Cara Konservasi Tanaman Refugia di Lahan Perkebunan
Konservasi tanaman refugia adalah upaya mempertahankan dan memperbanyak keberadaan tumbuhan berbunga yang bermanfaat bagi musuh alami hama di sekitar lahan pertanian dan perkebunan. Berikut beberapa langkah penting yang bisa dilakukan di lapangan:
1. Pemilihan Jenis Tanaman Refugia yang Sesuai
Pilih tanaman berbunga yang mudah tumbuh, berbunga sepanjang musim, dan disukai oleh serangga musuh alami. Contoh tanaman refugia yang sering digunakan:
Kenikir (Cosmos caudatus)
Bunga kertas (Zinnia elegans)
Tapak dara (Catharanthus roseus)
Bunga matahari (Helianthus annuus)
Jengger ayam (Celosia sp.)
Sumber: Balai Pengkajian Teknologi Pertanian (BPTP), 2020.
2. Penanaman Secara Teratur di Sekitar Perkebunan
Tanaman refugia sebaiknya ditanam di:
Tepi lahan atau batas kebun.
Petak-petak kecil di antara tanaman utama.
Pemecah kebun (sebagai pagar hidup atau pembatas blok tanaman).
Sumber: Pusat Perlindungan Varietas Tanaman dan Perizinan Pertanian (PPVTPP), Kementerian Pertanian.
3. Pemeliharaan Rutin
Agar tanaman refugia tetap tumbuh baik:
Lakukan penyiraman dan pemupukan ringan.
Pangkas bunga yang sudah layu agar pertumbuhan tetap optimal.
Hindari penggunaan pestisida di sekitar refugia.
Sumber: Supriyadi, A. (2017). Konservasi Musuh Alami Melalui Penanaman Refugia. BBPOPT Jatisari.
4. Rotasi dan Penambahan Jenis Tanaman
Tanaman refugia tidak harus satu jenis. Kombinasi berbagai tanaman berbunga memperkaya keanekaragaman serangga baik dan meningkatkan ketahanan ekosistem. Sumber: Hasyim, A. & Widiarta, I.N. (2004). Konservasi Musuh Alami dengan Tanaman Bunga. Jurnal Pengendalian Hama Terpadu.

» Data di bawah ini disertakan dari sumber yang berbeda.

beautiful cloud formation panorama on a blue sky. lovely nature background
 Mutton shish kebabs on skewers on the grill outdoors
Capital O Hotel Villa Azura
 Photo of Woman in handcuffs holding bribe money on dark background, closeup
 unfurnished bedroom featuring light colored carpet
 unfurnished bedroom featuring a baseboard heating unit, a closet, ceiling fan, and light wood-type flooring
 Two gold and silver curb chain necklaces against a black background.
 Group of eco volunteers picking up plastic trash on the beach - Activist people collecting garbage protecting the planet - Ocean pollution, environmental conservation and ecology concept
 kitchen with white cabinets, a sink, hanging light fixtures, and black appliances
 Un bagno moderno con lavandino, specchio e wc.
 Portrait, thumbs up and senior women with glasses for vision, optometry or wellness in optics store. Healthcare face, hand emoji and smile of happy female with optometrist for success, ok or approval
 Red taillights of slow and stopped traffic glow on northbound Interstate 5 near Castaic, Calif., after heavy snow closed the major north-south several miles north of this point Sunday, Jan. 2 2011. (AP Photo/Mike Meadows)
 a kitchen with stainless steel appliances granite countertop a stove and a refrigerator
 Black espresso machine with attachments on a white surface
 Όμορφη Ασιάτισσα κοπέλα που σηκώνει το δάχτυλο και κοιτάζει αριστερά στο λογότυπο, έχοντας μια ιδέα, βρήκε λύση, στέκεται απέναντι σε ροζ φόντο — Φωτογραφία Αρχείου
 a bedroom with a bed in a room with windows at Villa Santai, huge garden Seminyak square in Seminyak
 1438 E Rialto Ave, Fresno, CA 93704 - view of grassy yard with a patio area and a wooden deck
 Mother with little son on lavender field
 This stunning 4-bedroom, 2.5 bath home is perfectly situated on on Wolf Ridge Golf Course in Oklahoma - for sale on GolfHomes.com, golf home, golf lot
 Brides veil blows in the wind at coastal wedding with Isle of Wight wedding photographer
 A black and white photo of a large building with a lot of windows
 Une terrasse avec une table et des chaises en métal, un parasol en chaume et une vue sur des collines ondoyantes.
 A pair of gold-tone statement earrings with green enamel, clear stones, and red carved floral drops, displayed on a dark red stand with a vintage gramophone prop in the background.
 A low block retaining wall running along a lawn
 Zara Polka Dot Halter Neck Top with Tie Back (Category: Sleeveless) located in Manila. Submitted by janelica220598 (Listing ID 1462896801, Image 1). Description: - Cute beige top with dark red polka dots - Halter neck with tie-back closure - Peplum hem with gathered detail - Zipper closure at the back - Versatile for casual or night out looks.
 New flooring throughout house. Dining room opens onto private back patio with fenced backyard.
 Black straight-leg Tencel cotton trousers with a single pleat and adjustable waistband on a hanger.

5. Monitoring dan Evaluasi Keberhasilan
Petani dan penyuluh perlu melakukan pengamatan rutin:
Apakah populasi musuh alami meningkat?
Apakah serangan hama menurun?
Apakah tanaman utama tumbuh lebih sehat?
Sumber: Badan Litbang Pertanian, Kementerian Pertanian RI.